Ultrafiltration: For concentration through ultrafiltration polyether sulfone membrane with a nominal molecular weight limit (NMWL) of 300 kDa (Millipore Corporation, USA) was used to concentrate the virus [23,24]. 100 ml virus  suspension was added into the filtration chamber and specific pressure was generated for proper filtration recommended by Millipore Corporation. Filtration was done until the retentate  of UF reached  10ml volume (final concentration factor 10 or 10 times concentrated).

Concentration through Methanol: 100ml virus was taken and methyl alcohol (95% pure molecular biology grade methanol) was added at the rate of 20 % final volume according to Barlow [15]. The suspension was placed at -6℃ for overnight incubation. The next day centrifugation was done at 4000 rpm for 20 minutes and a pellet was obtained. The pellet was suspended in 0.04M PBS and elution was done until the eluted volume reached 10ml (concentration factor 10).

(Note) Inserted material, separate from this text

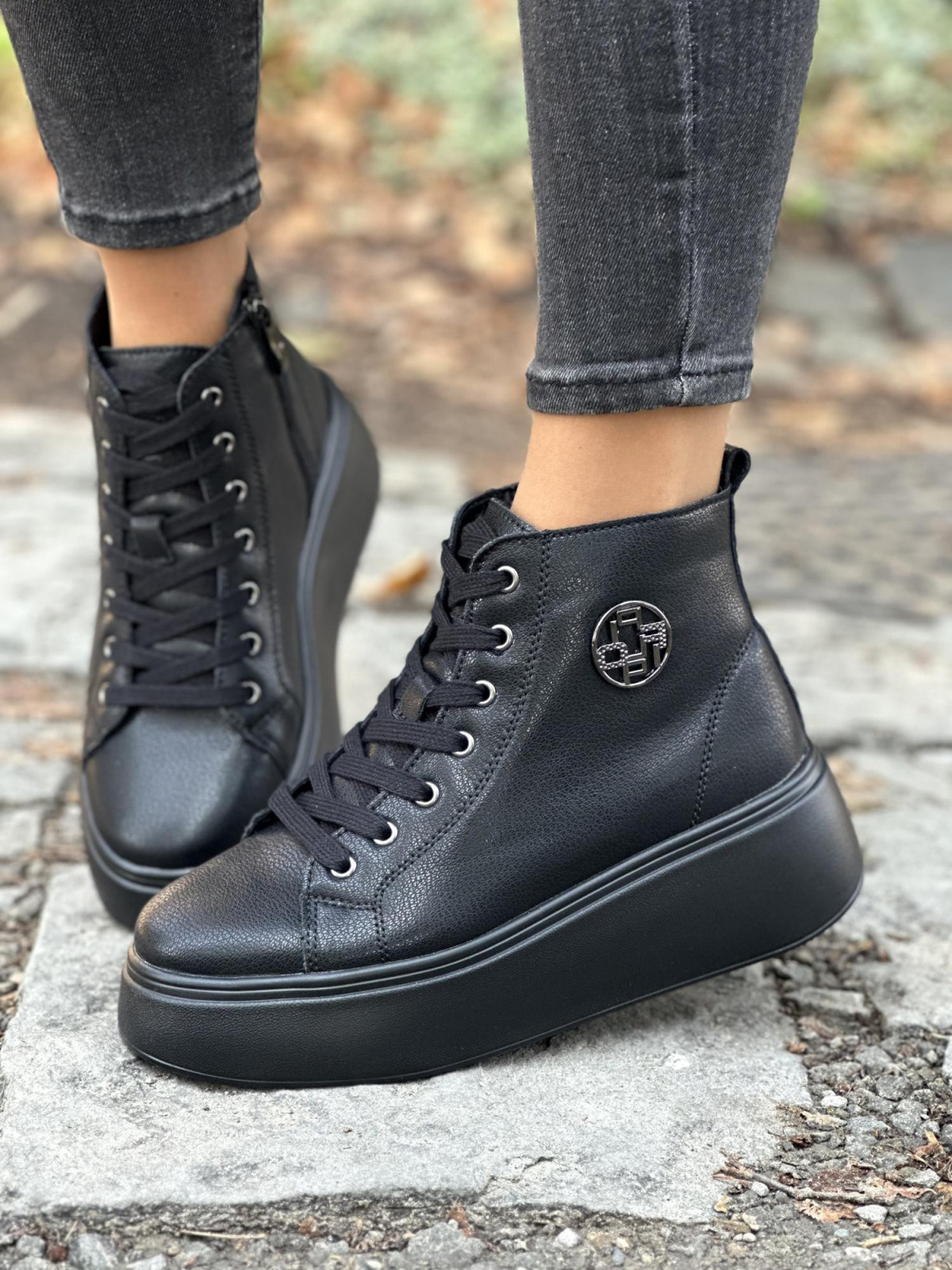 Wyjątkowe botki wykonane ze skóry naturalnej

Quantification of antigen by size exclusion chromatography (SEC): Quantification of non-concentrated (BEI-inactivated) virus and concentrated virus by the above different method was done by size exclusion chromatography (SEC, Biologic LP chromatographic system 731-8350; Bio-Rad, Hercules, USA) using specific resin Sephacryl ^TM S-300 high resolution (Cytiva, Marlborough, USA) [25]. First of all, resin slurry was prepared, and a Bio-Rad glass column of 50 cm was packed using phosphate buffer (0.01M, pH 7.2).  Packing of the column was done according to the instructions using a pressure flow of 1-2minutes/ml. Already optimized parameters like flow rate (FR=0.75ml/minutes), bed height (48cm), sample volume (W=3.5ml), path length of flow cell (PL=0.2cm), chart recorder speed 12cm/h (S=0.2cm/minutes) were set on machine [26]. Non-concentrated samples were injected through the sample port and a chromatogram was recorded on the PC attached. All the other samples (duplicate of each) of the concentrated virus through different methods like PEG, AS, UF, and methanol precipitation were run, and peaks were recorded in the form of chromatogram at 254nm with E_cm^1% =72; different sensitivity absorbance unit (FSD) [27]. The peak area of each sample was calculated in cm² from the chromatogram. The concentrations of all samples were calculated by following formulae described by [28].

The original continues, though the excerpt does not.